GIVEN DATA: Begin
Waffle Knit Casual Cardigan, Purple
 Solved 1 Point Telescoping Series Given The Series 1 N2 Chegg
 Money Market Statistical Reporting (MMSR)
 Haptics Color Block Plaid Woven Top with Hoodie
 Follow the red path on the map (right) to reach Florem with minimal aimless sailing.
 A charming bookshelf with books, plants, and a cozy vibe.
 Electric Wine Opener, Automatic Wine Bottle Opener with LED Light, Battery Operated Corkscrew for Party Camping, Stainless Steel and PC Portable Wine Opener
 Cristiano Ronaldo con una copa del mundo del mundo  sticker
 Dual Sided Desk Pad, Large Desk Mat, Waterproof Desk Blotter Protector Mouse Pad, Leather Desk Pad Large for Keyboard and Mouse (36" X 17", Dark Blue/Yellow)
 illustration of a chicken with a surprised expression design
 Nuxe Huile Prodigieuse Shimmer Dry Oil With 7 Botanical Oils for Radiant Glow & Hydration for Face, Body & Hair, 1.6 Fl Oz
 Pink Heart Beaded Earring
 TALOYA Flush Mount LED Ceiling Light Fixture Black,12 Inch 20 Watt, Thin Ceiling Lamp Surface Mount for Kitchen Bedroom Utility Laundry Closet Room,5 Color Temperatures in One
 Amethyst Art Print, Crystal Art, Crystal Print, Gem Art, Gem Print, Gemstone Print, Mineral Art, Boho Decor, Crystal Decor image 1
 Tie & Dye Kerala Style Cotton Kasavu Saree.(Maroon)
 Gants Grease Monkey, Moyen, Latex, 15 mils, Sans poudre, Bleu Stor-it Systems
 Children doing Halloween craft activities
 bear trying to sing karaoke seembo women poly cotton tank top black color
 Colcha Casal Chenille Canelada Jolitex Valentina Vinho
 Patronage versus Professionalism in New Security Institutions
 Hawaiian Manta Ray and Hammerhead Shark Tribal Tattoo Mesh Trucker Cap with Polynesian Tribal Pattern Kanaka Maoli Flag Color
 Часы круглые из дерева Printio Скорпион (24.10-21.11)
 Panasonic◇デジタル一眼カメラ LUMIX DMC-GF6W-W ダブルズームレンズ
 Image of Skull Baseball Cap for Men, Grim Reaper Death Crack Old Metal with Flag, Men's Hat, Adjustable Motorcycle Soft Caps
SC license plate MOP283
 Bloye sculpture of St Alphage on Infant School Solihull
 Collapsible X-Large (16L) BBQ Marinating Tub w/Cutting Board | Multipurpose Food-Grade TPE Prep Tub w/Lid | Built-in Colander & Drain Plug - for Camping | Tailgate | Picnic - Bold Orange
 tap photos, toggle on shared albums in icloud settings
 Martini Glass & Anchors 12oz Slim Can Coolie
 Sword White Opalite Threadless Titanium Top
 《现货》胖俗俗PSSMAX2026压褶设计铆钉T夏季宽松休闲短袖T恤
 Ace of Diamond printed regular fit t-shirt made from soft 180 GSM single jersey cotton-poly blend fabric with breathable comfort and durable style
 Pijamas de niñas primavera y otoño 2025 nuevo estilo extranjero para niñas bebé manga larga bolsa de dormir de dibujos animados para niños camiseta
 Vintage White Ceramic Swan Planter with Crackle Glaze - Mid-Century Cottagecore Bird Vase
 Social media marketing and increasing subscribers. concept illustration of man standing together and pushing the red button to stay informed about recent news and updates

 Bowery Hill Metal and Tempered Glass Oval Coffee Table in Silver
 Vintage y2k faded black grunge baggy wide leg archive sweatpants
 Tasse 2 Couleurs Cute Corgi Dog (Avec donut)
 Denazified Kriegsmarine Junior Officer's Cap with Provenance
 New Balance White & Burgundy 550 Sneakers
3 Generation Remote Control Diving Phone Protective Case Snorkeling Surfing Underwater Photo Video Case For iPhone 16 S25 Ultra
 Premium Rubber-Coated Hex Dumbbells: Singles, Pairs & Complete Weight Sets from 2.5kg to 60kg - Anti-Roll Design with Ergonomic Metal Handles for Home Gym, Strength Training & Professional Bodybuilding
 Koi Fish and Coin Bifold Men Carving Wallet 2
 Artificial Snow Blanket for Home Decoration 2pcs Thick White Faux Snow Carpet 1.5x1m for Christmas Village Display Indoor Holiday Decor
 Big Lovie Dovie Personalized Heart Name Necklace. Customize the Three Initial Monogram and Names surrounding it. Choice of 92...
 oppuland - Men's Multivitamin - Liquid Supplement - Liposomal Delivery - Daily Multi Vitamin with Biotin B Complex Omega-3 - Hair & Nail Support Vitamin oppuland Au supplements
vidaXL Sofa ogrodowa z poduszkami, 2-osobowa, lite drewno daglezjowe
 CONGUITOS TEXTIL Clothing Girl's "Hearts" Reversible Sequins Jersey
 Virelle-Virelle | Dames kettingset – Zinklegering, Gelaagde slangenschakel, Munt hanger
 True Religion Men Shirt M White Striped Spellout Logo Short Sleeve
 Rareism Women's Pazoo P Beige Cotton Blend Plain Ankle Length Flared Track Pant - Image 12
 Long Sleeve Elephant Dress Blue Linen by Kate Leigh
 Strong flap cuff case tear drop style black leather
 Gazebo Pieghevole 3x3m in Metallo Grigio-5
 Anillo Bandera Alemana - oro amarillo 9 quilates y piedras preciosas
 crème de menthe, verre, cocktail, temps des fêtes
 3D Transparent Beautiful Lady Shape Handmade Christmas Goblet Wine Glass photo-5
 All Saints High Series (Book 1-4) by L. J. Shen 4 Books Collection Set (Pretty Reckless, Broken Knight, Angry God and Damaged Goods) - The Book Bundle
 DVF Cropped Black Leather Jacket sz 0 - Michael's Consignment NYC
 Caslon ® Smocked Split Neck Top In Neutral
GIVEN DATA: End
▸ **ABOUT THIS TASK**:
Please return the lines above exactly, from the first one down to the line with "Collapsible X-Large (16L)", and stop after that line.

▸ **RESULT BELOW**:
Waffle Knit Casual Cardigan, Purple
 Solved 1 Point Telescoping Series Given The Series 1 N2 Chegg
 Money Market Statistical Reporting (MMSR)
 Haptics Color Block Plaid Woven Top with Hoodie
 Follow the red path on the map (right) to reach Florem with minimal aimless sailing.
 A charming bookshelf with books, plants, and a cozy vibe.
 Electric Wine Opener, Automatic Wine Bottle Opener with LED Light, Battery Operated Corkscrew for Party Camping, Stainless Steel and PC Portable Wine Opener
 Cristiano Ronaldo con una copa del mundo del mundo  sticker
 Dual Sided Desk Pad, Large Desk Mat, Waterproof Desk Blotter Protector Mouse Pad, Leather Desk Pad Large for Keyboard and Mouse (36" X 17", Dark Blue/Yellow)
 illustration of a chicken with a surprised expression design
 Nuxe Huile Prodigieuse Shimmer Dry Oil With 7 Botanical Oils for Radiant Glow & Hydration for Face, Body & Hair, 1.6 Fl Oz
 Pink Heart Beaded Earring
 TALOYA Flush Mount LED Ceiling Light Fixture Black,12 Inch 20 Watt, Thin Ceiling Lamp Surface Mount for Kitchen Bedroom Utility Laundry Closet Room,5 Color Temperatures in One
 Amethyst Art Print, Crystal Art, Crystal Print, Gem Art, Gem Print, Gemstone Print, Mineral Art, Boho Decor, Crystal Decor image 1
 Tie & Dye Kerala Style Cotton Kasavu Saree.(Maroon)
 Gants Grease Monkey, Moyen, Latex, 15 mils, Sans poudre, Bleu Stor-it Systems
 Children doing Halloween craft activities
 bear trying to sing karaoke seembo women poly cotton tank top black color
 Colcha Casal Chenille Canelada Jolitex Valentina Vinho
 Patronage versus Professionalism in New Security Institutions
 Hawaiian Manta Ray and Hammerhead Shark Tribal Tattoo Mesh Trucker Cap with Polynesian Tribal Pattern Kanaka Maoli Flag Color
 Часы круглые из дерева Printio Скорпион (24.10-21.11)
 Panasonic◇デジタル一眼カメラ LUMIX DMC-GF6W-W ダブルズームレンズ
 Image of Skull Baseball Cap for Men, Grim Reaper Death Crack Old Metal with Flag, Men's Hat, Adjustable Motorcycle Soft Caps
SC license plate MOP283
 Bloye sculpture of St Alphage on Infant School Solihull
 Collapsible X-Large (16L) BBQ Marinating Tub w/Cutting Board | Multipurpose Food-Grade TPE Prep Tub w/Lid | Built-in Colander & Drain Plug - for Camping | Tailgate | Picnic - Bold Orange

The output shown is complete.